So your competitor beat you to market. Big deal.
(article continues below)
Being second to market isn't the worst thing in the world. In fact, sometimes second to market strategies are even more effective than rushing to get your products on the market before everyone else.
Conventional wisdom says that the business who is the first to bring a new technology to the marketplace has a significant advantage over the competition. But there are plenty of companies who dominated their industry by allowing others to blaze a trail in the marketplace. So how did they do it?
Well, it turns out that in many industries, a late-to-market strategy can actually be leveraged as an advantage. The businesses who have done it successfully have learned how to create market disruptions exploiting the mistakes of early market entrants. Although this is especially true with technological products, there are a lot of other industries in which a second to market strategy can also be effective. If your industry is one of them, here are some of the characteristics your strategy should emphasize.
Late market entries have a significant advantage over early entrant competitors because they have the advantage of hindsight. It's not unusual for first to market products to contain kinks and bugs that need to be worked out.
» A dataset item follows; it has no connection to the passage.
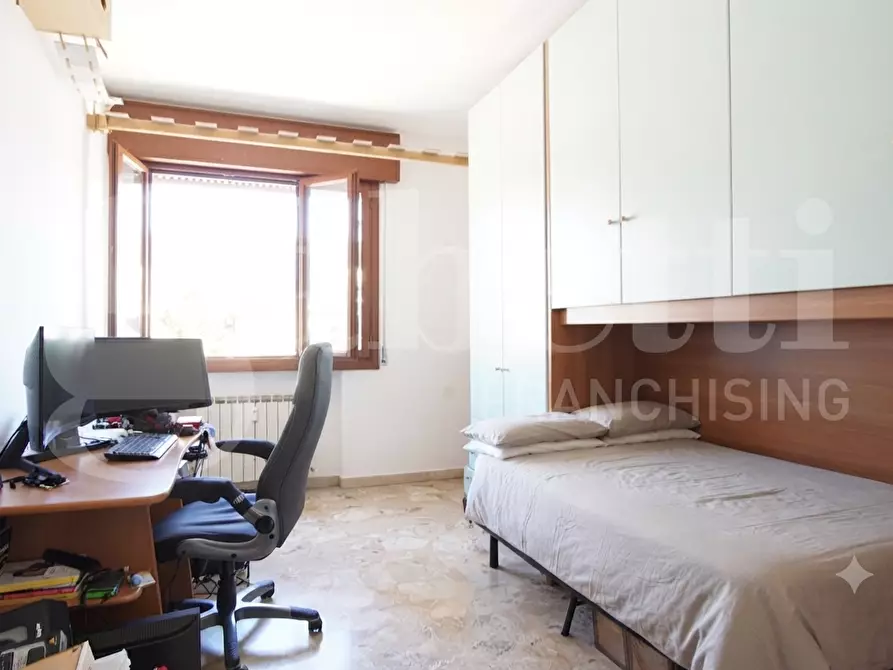 Immagine 11 di Appartamento in vendita  in Via Roma, . a Venezia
Even though these kinks can be corrected in subsequent product offerings, consumers may find it difficult to shake their initial frustration with the product or brand. Second to market producers can take advantage of this by offering a consumer-friendly design from Day One, creating the impression that their product and company are superior to their first to market peers.
Ease of Use
Making sure your product does what it claims to do is one thing. But taking the extra step to provide consumers with features that enhance usability can position your company as a preferred alternative to products that already enjoy a foothold in the marketplace. Remember: You have the advantage of field testing your competitors' products before you enter the market. They didn't have that advantage, so any cost-efficient means you can employ to increase your product's ease of use gives you an instant benefit.
Presumably, your competitor has already done the heavy lifting by marketing a new product concept to the buying public. Although your marketing strategy can reinforce the product concept, it should largely emphasize the features that differentiate your product from existing market offerings. An effective marketing campaign not only supports the appealing elements of first to market products, but also highlights your competitor's shortcomings by focusing on your product's improvements.
Once you have created a strategy to convince consumers that your product is better than early market entrants' products, the next step is to create a far-reaching distribution network. If you fail to create a distribution network that is at least comparable to the competition's, consumers may begin to question your ability to deliver a better product.